Corporate welfare or war profiteering?

This is a great example of business as usual in the Colombian civil war. It’s not spelled out here, but that “history of problems” that the Colombian pipeline system has is the armed conflict between guerrillas and the government, with rebels often targeting the pipeline. So while the procurement document is so full of euphemisms that it sounds like nothing more than oil industry business jargon, it’s actually an invitation for more corporate participation in the war.

One man’s conflict and suffering are another man’s “business opportunity.”

and more...

One could imagine the assessment concluding that more mercenaries (currently capped at 600) and U.S. troops (capped at 800) are needed to protect pipelines from bombings by guerrillas. Along the Caño-Limón pipeline this would make a complicated situation worse: not only is the local U.S.-backed and -trained Colombian military fighting the guerrillas, but the FARC and ELN are themselves fighting each other over who gets to levy "taxes" (vacunas) on oil companies.

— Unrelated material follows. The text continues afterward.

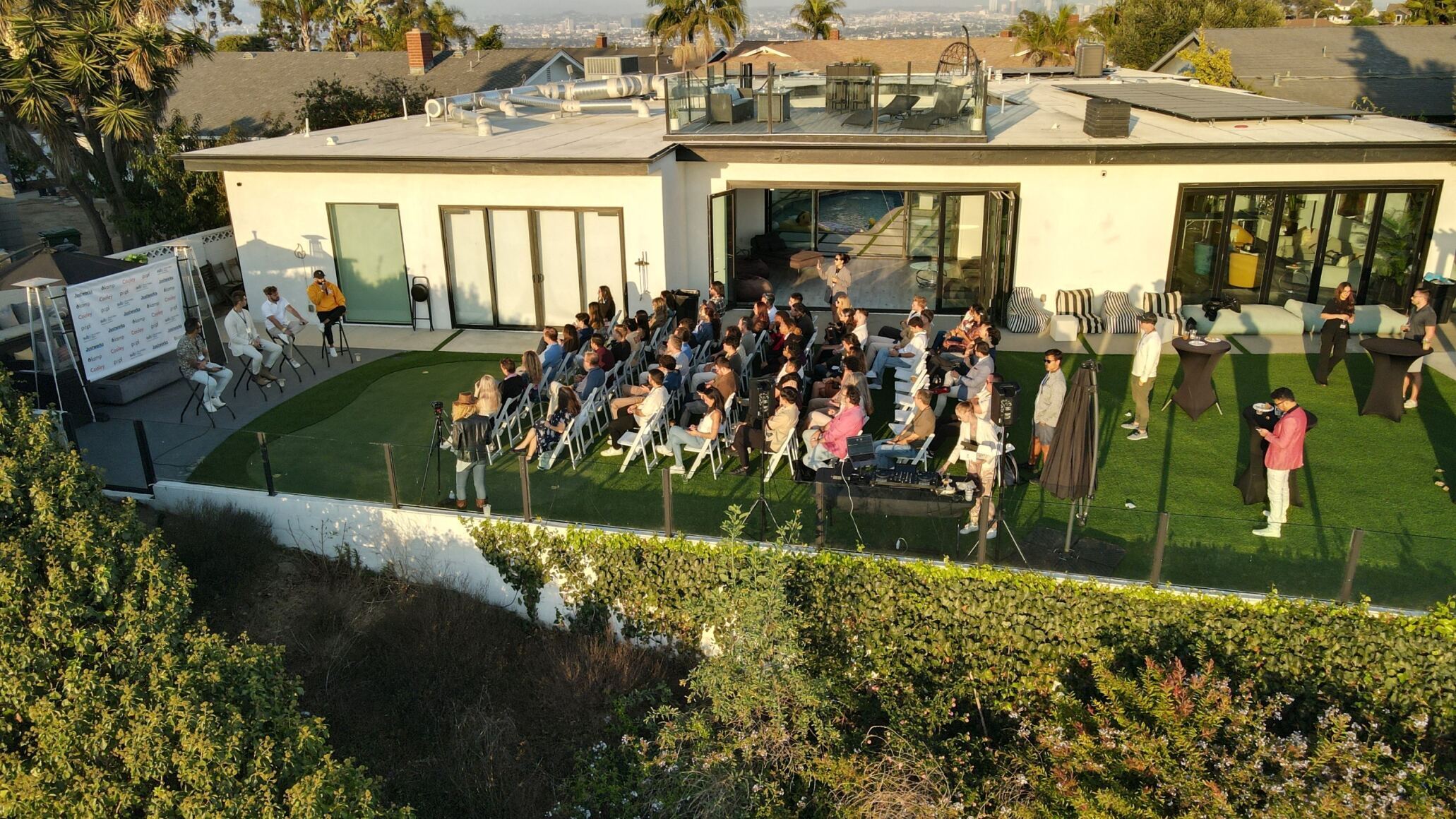 Entrepreneurs and investors networking at premium Kamp startup event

One could also point out a blatant contradiction: following free-market orthodoxy, the Colombian government has proposed to privatize 20% of Ecopetrol to get more of the "big-bad" government out of the oil business and draw private investment (with U.S. oil companies eagerly looking on). And yet, these free-marketeers see no problem with non-free-market government subsidies such as the one outlined above.

Pipeline Program Futile

In a {July, 2002 report http://www.amazonwatch.org/amazon/CO/uwa/reports/p lancol_0207_wfp_arauca.pdf], Witness for Peace quotes Brigadier General Carlos Lemus Pedraza as saying that his unit, the Colombian Army's 18th Brigade, would need to station a soldier every 3 feet along the entire length of the Cano Limon-Covenas pipeline in order to adequately protect it from guerilla attacks.

That pipeline is jointly run by ECOPETROL and Occidental Petroleum.

So a pipeline safety and security study seems a complete waste of money.

Its also important to note that this U.S. aid is coming at a time when ECOPETROL is undergoing significant privatization, which will, as Peacock suggests, greatly benefit U.S. oil companies.